Work instructions »
Beginning with the line that has "Eyesential Reading Glasses Display" and ending with the line that has "Large Misc. Lot - Spa Set, Decor, Etc", retype the entries below exactly, except for the pictures.

++++++++++

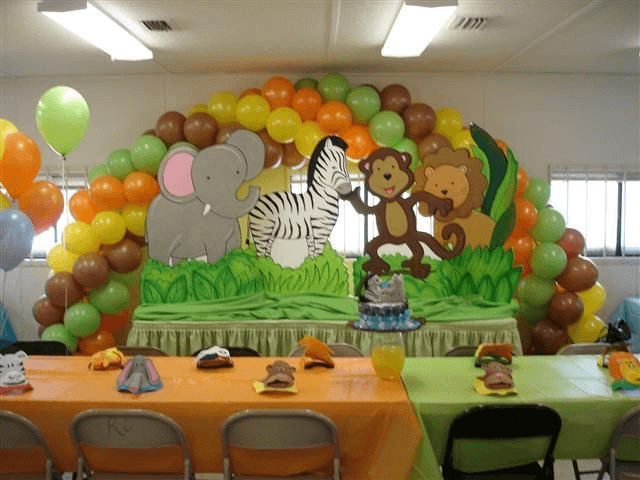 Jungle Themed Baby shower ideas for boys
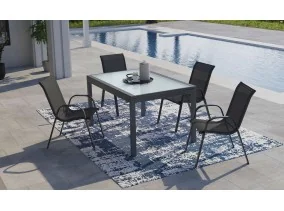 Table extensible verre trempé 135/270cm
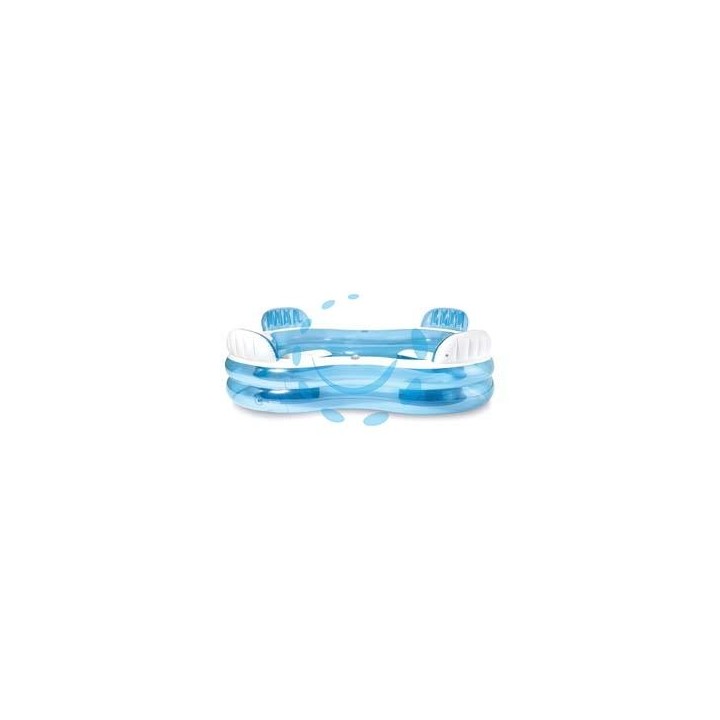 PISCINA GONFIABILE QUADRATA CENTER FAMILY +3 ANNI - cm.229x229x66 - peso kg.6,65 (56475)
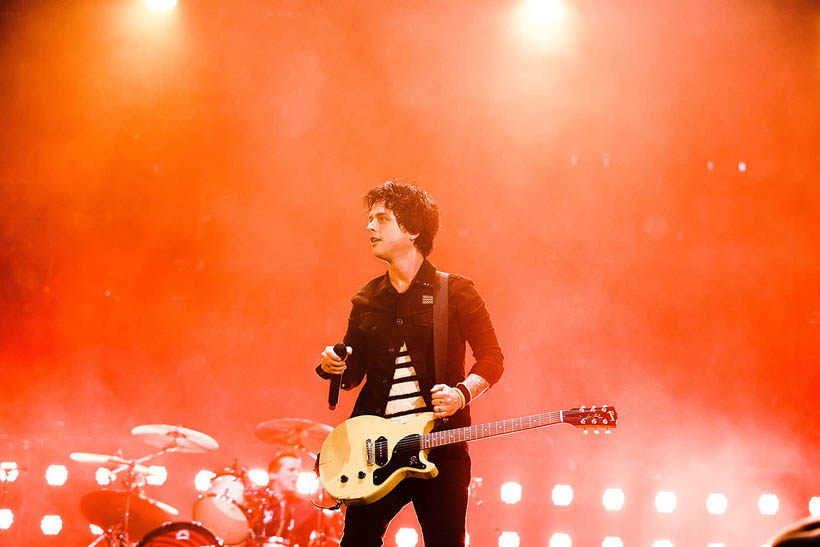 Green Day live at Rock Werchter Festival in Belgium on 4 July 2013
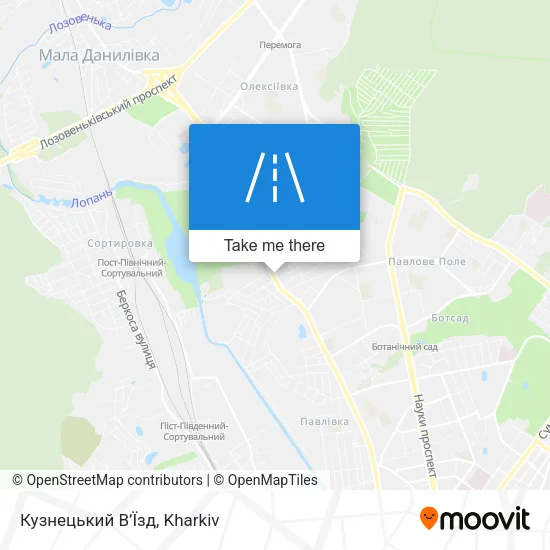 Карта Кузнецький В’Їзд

++++++++++

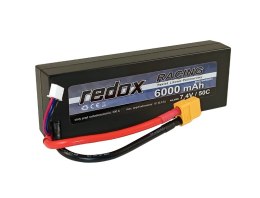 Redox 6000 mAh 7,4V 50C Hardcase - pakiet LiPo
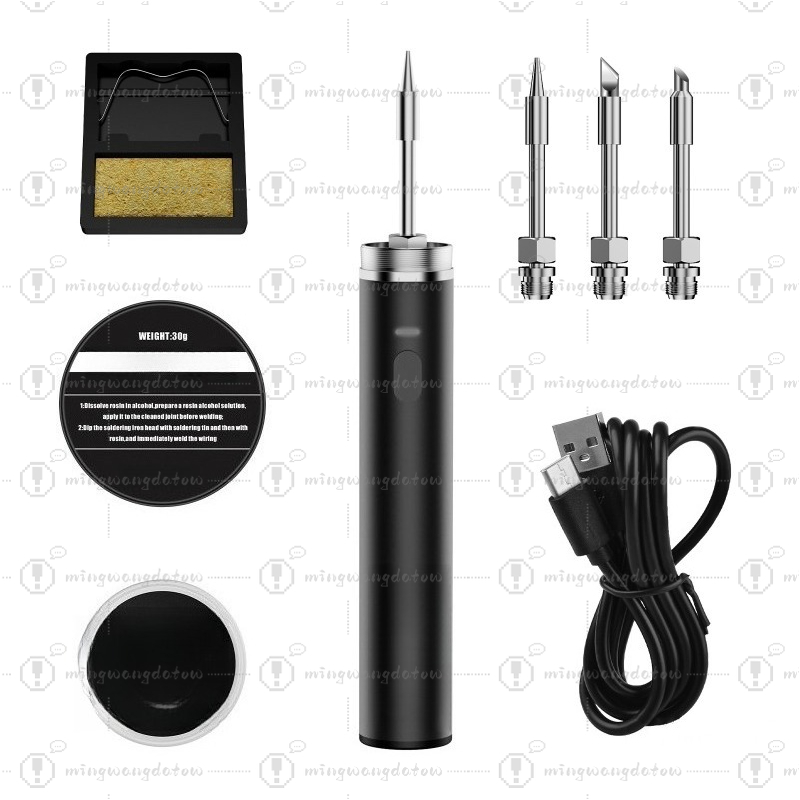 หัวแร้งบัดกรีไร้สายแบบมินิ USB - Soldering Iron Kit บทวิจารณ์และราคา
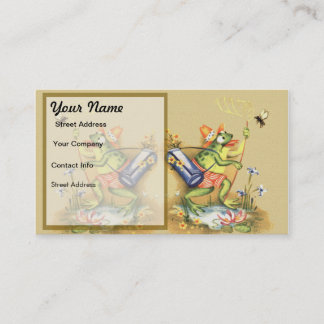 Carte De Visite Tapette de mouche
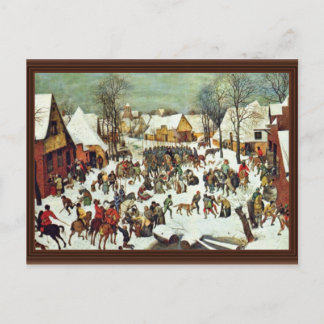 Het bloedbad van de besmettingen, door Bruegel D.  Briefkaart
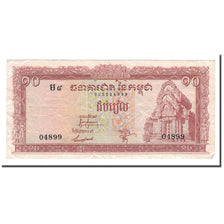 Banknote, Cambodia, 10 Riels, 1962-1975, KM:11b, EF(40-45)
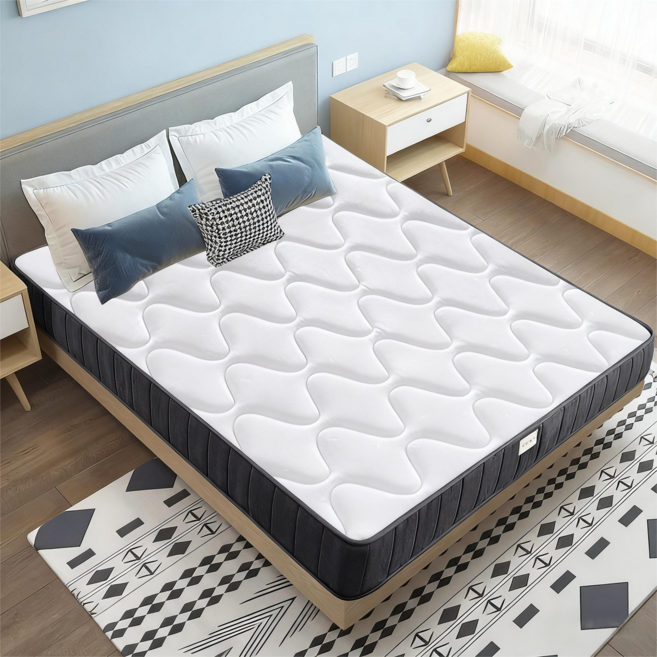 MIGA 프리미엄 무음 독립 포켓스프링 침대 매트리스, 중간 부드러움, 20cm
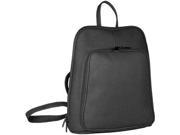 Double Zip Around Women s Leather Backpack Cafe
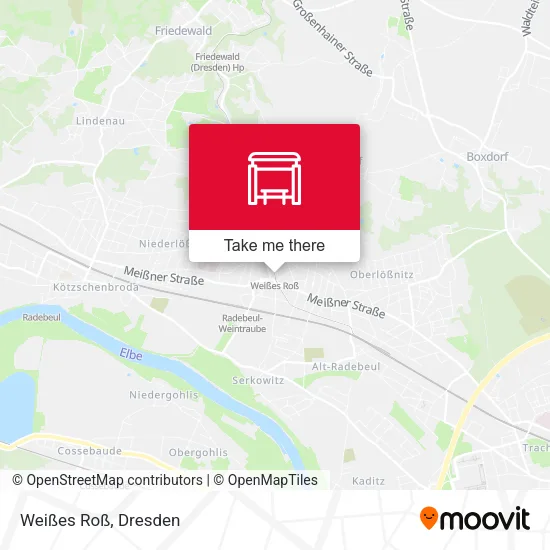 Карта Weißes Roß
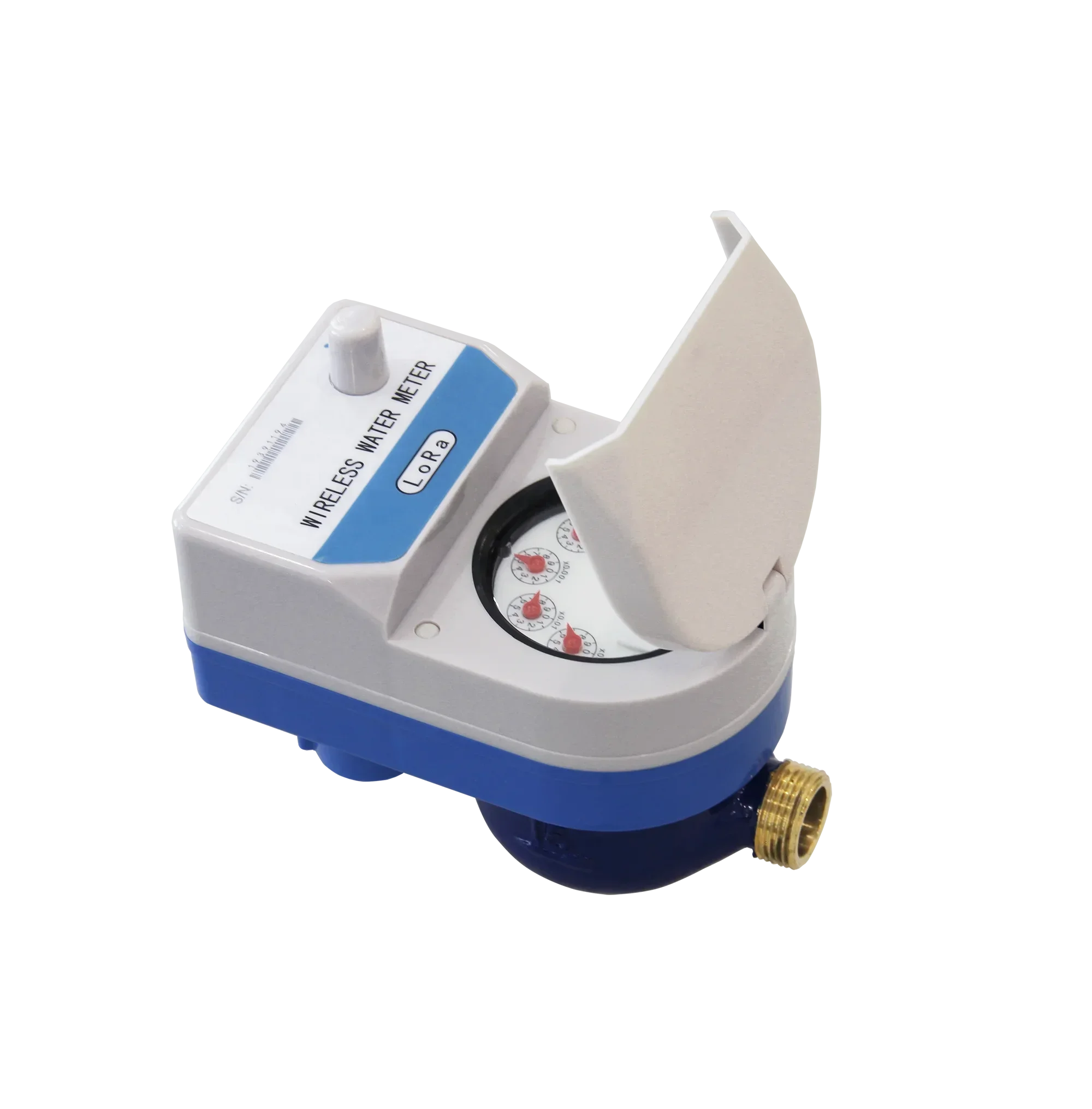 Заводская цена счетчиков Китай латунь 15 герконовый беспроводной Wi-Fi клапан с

++++++++++

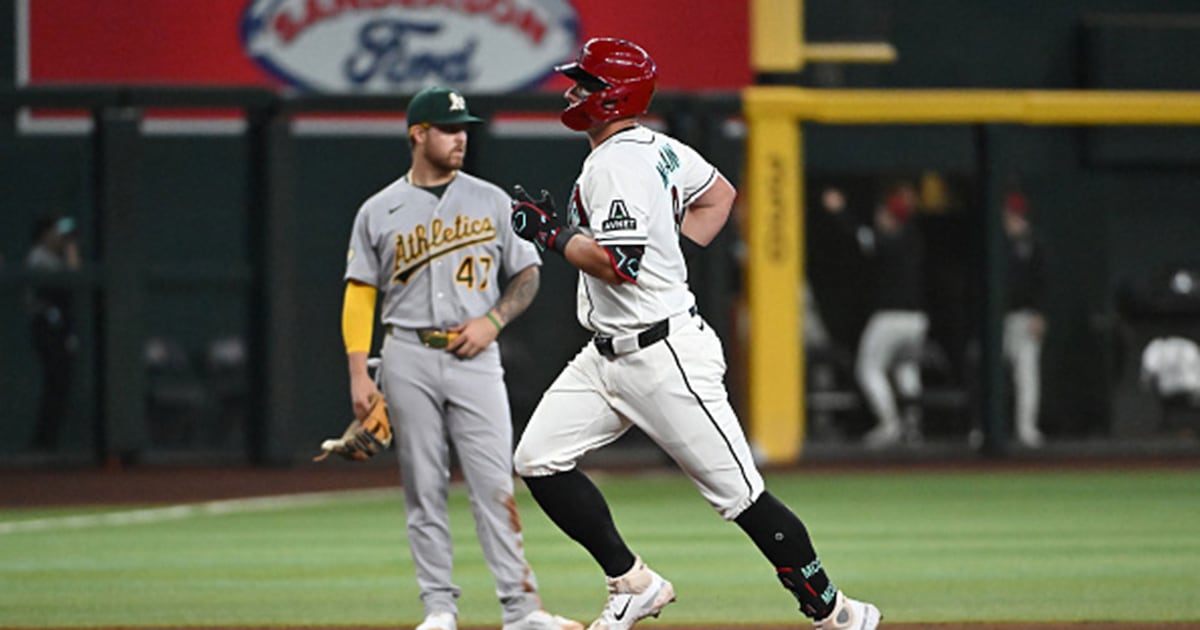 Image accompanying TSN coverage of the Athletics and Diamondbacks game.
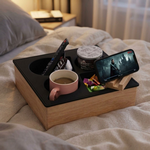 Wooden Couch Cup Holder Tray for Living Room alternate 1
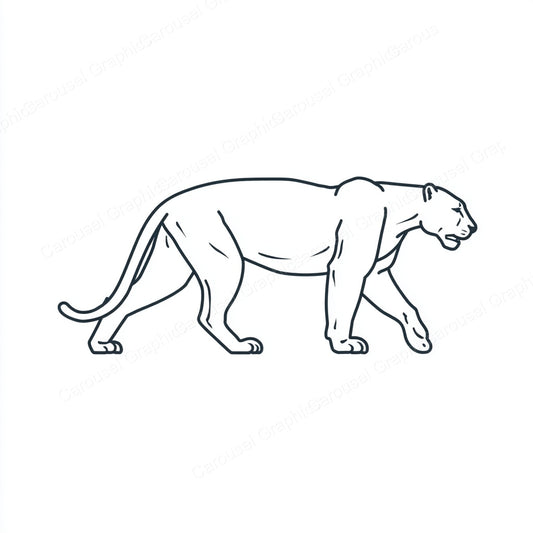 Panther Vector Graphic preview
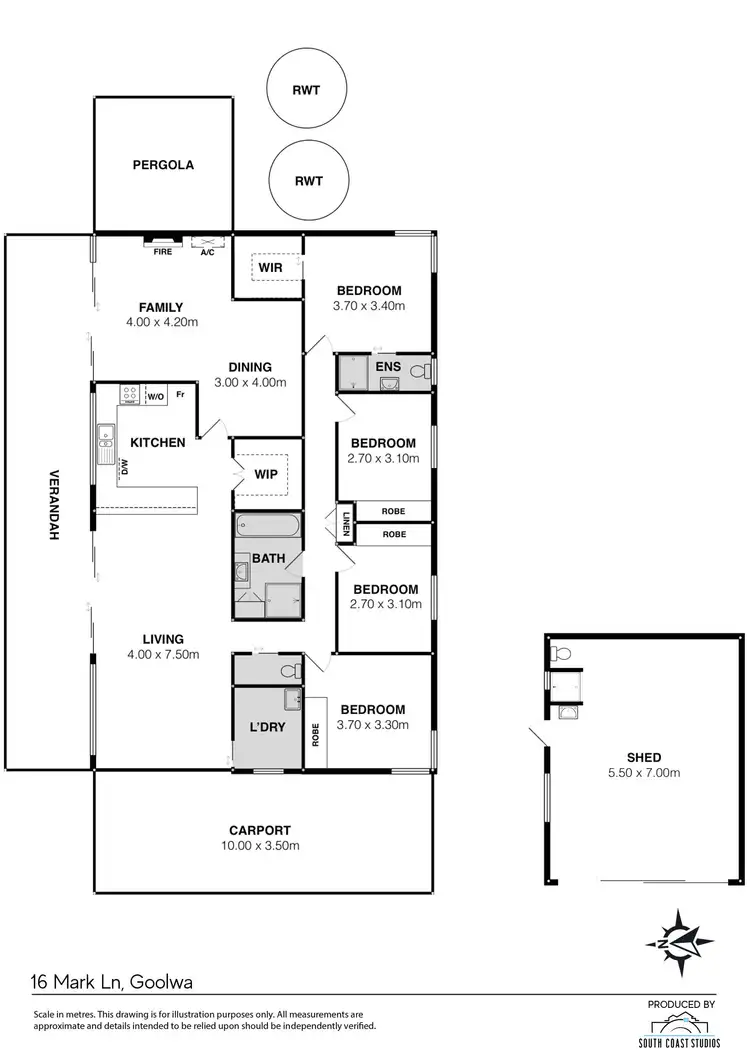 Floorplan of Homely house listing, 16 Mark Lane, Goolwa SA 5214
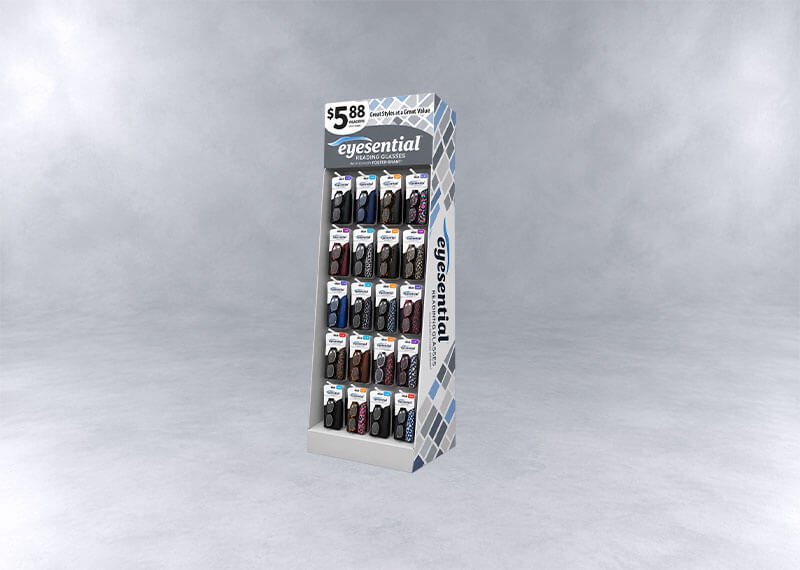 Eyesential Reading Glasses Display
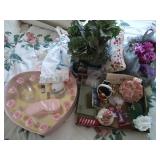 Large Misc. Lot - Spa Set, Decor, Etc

++++++++++

Result »
 Eyesential Reading Glasses Display
 Large Misc. Lot - Spa Set, Decor, Etc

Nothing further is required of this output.